The Seminoles, ranked 57th in the nation in total defense and allowing 364 yards a game, are coming off a 48-31 victory over Clemson, Oct. 3. But the Tigers put the vulnerability of the Seminoles defensive unit on full display by totaling 471 yards of offense. A week before against Louisville, their only loss of the season, the Seminoles gave up over 200 yards rushing, including a game-winning 25-yard run in overtime. But although the Florida State run defense has cracked in critical situations, they have only allowed 830 yards on the ground for 3.0 yards a carry. That pales in comparison to the passing defense, which has surrendered 1,550 yards through the air for 8.3 yards a pass and has been beaten deep a handful of times. Junior defensive back Stanford Samuels, who attended Miami Carol City High, was on the defending end of a Louisville touchdown in the Seminoles 26-20 defeat.
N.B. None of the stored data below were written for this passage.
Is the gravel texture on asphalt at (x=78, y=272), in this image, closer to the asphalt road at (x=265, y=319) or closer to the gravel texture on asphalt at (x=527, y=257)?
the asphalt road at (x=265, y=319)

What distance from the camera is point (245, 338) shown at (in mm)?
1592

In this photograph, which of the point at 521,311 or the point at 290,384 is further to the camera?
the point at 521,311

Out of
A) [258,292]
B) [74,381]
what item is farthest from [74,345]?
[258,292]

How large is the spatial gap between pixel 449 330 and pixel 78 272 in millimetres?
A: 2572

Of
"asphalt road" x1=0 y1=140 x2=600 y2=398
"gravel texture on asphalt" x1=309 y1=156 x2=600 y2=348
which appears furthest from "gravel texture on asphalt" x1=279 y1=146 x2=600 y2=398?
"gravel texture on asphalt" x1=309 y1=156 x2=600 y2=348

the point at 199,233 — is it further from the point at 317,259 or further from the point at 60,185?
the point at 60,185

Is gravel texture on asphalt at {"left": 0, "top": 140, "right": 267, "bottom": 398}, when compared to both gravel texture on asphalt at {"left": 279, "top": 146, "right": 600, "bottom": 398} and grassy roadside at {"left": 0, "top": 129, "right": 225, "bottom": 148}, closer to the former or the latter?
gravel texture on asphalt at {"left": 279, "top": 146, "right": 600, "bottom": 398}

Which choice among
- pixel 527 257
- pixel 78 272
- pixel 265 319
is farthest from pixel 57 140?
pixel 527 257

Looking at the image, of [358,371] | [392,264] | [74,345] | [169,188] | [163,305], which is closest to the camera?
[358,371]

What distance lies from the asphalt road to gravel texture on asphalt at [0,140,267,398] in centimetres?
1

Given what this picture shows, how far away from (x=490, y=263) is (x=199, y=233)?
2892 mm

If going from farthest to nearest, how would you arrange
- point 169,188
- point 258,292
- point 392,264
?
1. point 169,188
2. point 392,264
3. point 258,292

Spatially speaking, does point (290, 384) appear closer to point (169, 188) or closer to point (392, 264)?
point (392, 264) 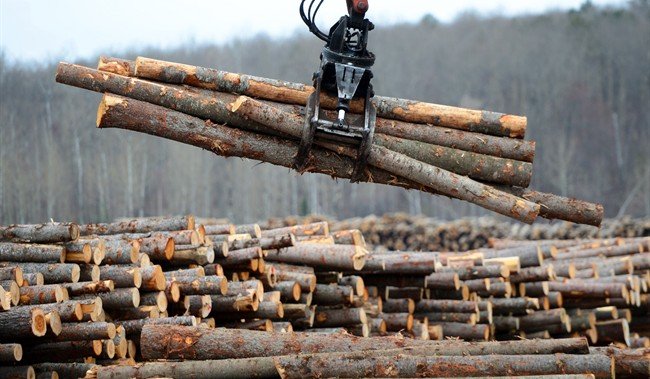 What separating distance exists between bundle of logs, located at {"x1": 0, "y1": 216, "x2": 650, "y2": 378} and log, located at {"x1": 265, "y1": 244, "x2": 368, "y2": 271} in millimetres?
19

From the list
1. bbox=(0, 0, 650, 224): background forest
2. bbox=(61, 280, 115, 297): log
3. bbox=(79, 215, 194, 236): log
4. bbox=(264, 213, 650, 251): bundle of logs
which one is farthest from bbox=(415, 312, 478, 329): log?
bbox=(0, 0, 650, 224): background forest

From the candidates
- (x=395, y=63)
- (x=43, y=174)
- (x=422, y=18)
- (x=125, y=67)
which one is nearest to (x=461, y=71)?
(x=395, y=63)

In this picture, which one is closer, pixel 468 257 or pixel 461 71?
pixel 468 257

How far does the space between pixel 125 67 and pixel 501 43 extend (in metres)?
52.6

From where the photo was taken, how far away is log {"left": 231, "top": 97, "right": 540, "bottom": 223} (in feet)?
26.7

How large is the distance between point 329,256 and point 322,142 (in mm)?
4284

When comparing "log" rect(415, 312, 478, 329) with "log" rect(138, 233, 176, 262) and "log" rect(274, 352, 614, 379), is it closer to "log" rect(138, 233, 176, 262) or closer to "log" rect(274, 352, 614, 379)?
"log" rect(138, 233, 176, 262)

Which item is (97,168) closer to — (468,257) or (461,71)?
(468,257)

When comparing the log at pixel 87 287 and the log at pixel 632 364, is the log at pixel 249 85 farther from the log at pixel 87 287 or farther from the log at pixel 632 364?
the log at pixel 632 364

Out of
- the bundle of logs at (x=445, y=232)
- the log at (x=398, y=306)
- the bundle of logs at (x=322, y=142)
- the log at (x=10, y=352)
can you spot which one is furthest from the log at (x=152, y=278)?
the bundle of logs at (x=445, y=232)

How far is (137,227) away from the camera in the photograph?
1166cm

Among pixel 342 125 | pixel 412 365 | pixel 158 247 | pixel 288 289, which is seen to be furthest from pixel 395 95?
pixel 412 365

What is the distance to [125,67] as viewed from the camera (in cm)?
882

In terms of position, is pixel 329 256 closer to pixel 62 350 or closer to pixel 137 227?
pixel 137 227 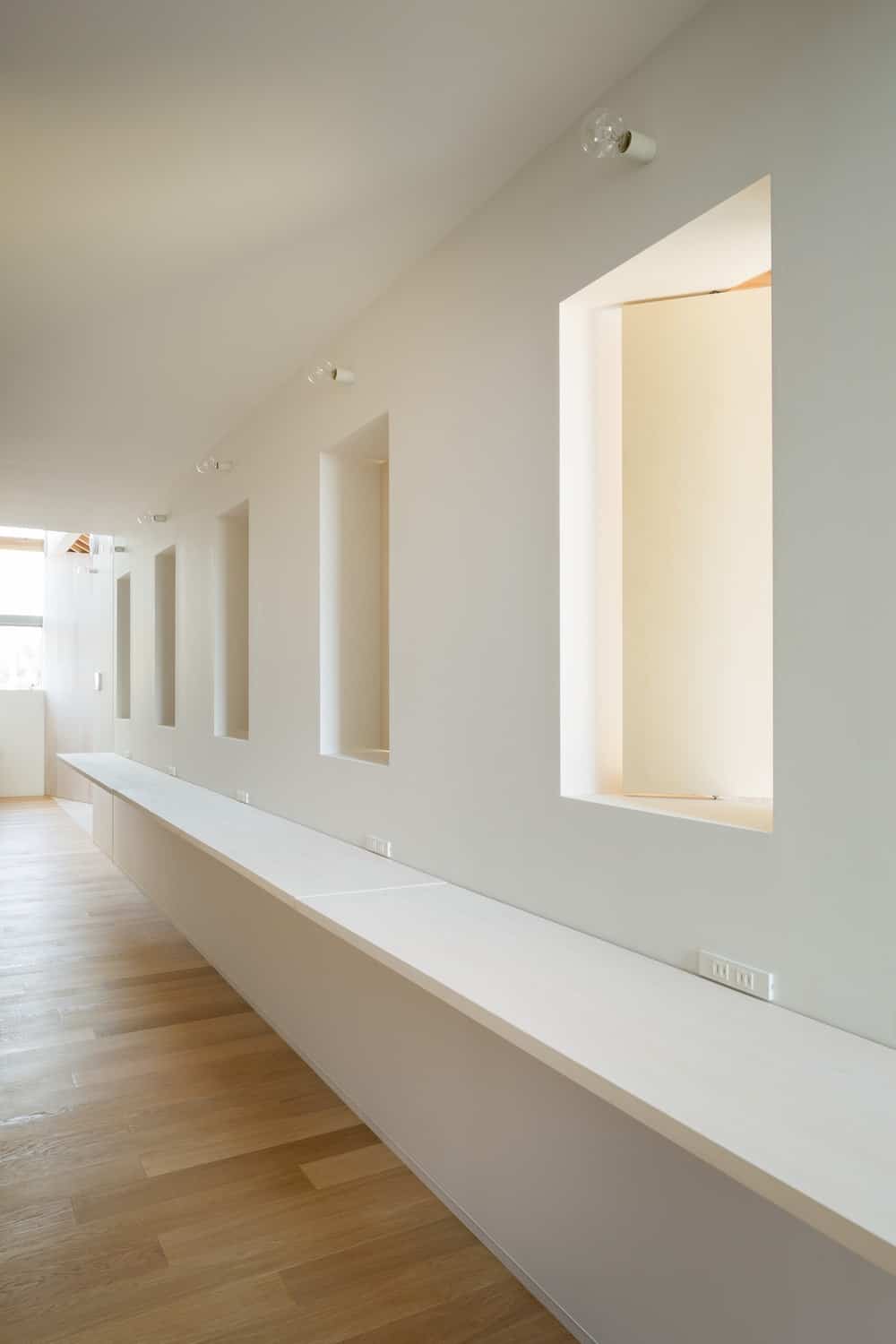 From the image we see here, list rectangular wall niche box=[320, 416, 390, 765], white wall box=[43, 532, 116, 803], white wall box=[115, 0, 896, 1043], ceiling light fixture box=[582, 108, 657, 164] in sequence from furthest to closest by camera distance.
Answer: white wall box=[43, 532, 116, 803], rectangular wall niche box=[320, 416, 390, 765], ceiling light fixture box=[582, 108, 657, 164], white wall box=[115, 0, 896, 1043]

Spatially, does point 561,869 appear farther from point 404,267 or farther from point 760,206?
point 404,267

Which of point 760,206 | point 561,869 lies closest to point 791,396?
point 760,206

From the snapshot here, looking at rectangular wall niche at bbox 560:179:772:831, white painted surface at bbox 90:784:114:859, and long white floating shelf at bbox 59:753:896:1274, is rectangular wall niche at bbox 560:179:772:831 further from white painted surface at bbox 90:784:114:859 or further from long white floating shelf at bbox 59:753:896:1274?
white painted surface at bbox 90:784:114:859

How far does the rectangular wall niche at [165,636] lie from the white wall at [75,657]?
1.63 meters

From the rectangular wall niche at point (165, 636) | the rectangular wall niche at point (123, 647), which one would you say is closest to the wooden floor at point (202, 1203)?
the rectangular wall niche at point (165, 636)

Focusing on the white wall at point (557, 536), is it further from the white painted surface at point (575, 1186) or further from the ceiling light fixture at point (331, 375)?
the white painted surface at point (575, 1186)

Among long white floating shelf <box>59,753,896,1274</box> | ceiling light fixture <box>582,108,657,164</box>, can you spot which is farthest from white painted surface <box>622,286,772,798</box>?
long white floating shelf <box>59,753,896,1274</box>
Linebacker Kendyll Pope leads the Seminoles with 58 tackles, while Mike Boulware has 42. But despite the breakdowns in the Florida State secondary, Miami head coach Larry Coker is still weary of a defense that is capable of putting pressure on the opposing quarterback. Coker said that if the Hurricanes offensive line doesn't do a solid job of protecting UM quarterback Ken Dorsey, the Seminoles have the players on defense to create a game-turning play.

Senior defensive end Alonzo Jackson has a team-leading five sacks and Kevin Emanuel has four. Keeping them off Dorsey will be one of the keys to the game, according to Coker.

"Well, they're putting a lot of pressure on (the quarterback). The front is doing very good," said Coker. "The secondary has been kind of their Achilles heel so far. Their secondary has had some breakdowns."

"Honestly, I haven't studied Florida State that closely. But I know this- they've always been able to put great pressure on with the front people. It's hard to get open when you do that. The thing that helps us, and probably helps them also, is our style on defense. Our receivers in practice have to work against the defensive backs with pressure, the blitz and all those types of things. And that's the type of play we'll get from them."

Coker didn't divulge any of the Hurricanes game plan for the Seminoles. But it's not to difficult to imagine that the Seminoles defense will have to deal with a heavy load of UM sophomore running back Willis McGahee, who has been the most consistent player on offense all season. McGahee leads the Hurricanes with 640 rushing yards and 10 touchdowns.

After just 60 yards against Florida A&M in the season opener, McGahee torched the Florida Gators defense for 204 yards on 24 carries. He followed that performance up with consecutive 100-yard rushing games in victories over Temple and Boston College. Last week in Miami's 48-14 victory over Connecticut, McGahee ran for 107 yards and three touchdowns on 11 carries. McGahee also has nine receptions for 139 yards.

"Obviously, Willis is a big part of this football team," said Coker.

But I'm sure Florida State is going to be prepared to combat that. We have to pick out spots and put Willis in the best situations possible."

Coker is also preparing to see how the Hurricanes can contain FSU running back Greg Jones, who is averaging 105.5 rushing yards per game and the leads the Atlantic Coast Conference in the category. Jones is coming off a 165-yard game against Clemson. Florida State will likely ride Jones considering the uncertainty of Rix. Rix (78 for 136, 1,085 passing yards) has encountered trouble reading defensives and finding open receivers this season.

Coker is concerned about what Jones is capable of doing.

"I think it's a major concern," said Coker. "I think they're a mirror image of us, or what we try to be. I watched the Clemson game, and they couldn't tackle him. He just ran through the entire team, it seemed like. I know the Clemson coach (Tommy Bowden) said at halftime that they needed to tackle him, but they didn't get it done. It's a real concern."